* Data for this task *

────────────────────────────────────────

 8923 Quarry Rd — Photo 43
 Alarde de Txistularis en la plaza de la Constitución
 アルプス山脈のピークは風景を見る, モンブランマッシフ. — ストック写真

────────────────────────────────────────

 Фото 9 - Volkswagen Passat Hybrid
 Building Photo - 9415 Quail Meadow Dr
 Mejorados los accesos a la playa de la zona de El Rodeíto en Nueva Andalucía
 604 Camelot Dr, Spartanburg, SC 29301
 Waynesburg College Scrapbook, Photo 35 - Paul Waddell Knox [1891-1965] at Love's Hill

────────────────────────────────────────

* Your instructions *
Return only the part of the records above that opens with the line containing "Building Photo - 9415 Quail Meadow Dr" and closes with the line containing "Waynesburg College Scrapbook, Photo", ends included.

* Result of this exercise *
 Building Photo - 9415 Quail Meadow Dr
 Mejorados los accesos a la playa de la zona de El Rodeíto en Nueva Andalucía
 604 Camelot Dr, Spartanburg, SC 29301
 Waynesburg College Scrapbook, Photo 35 - Paul Waddell Knox [1891-1965] at Love's Hill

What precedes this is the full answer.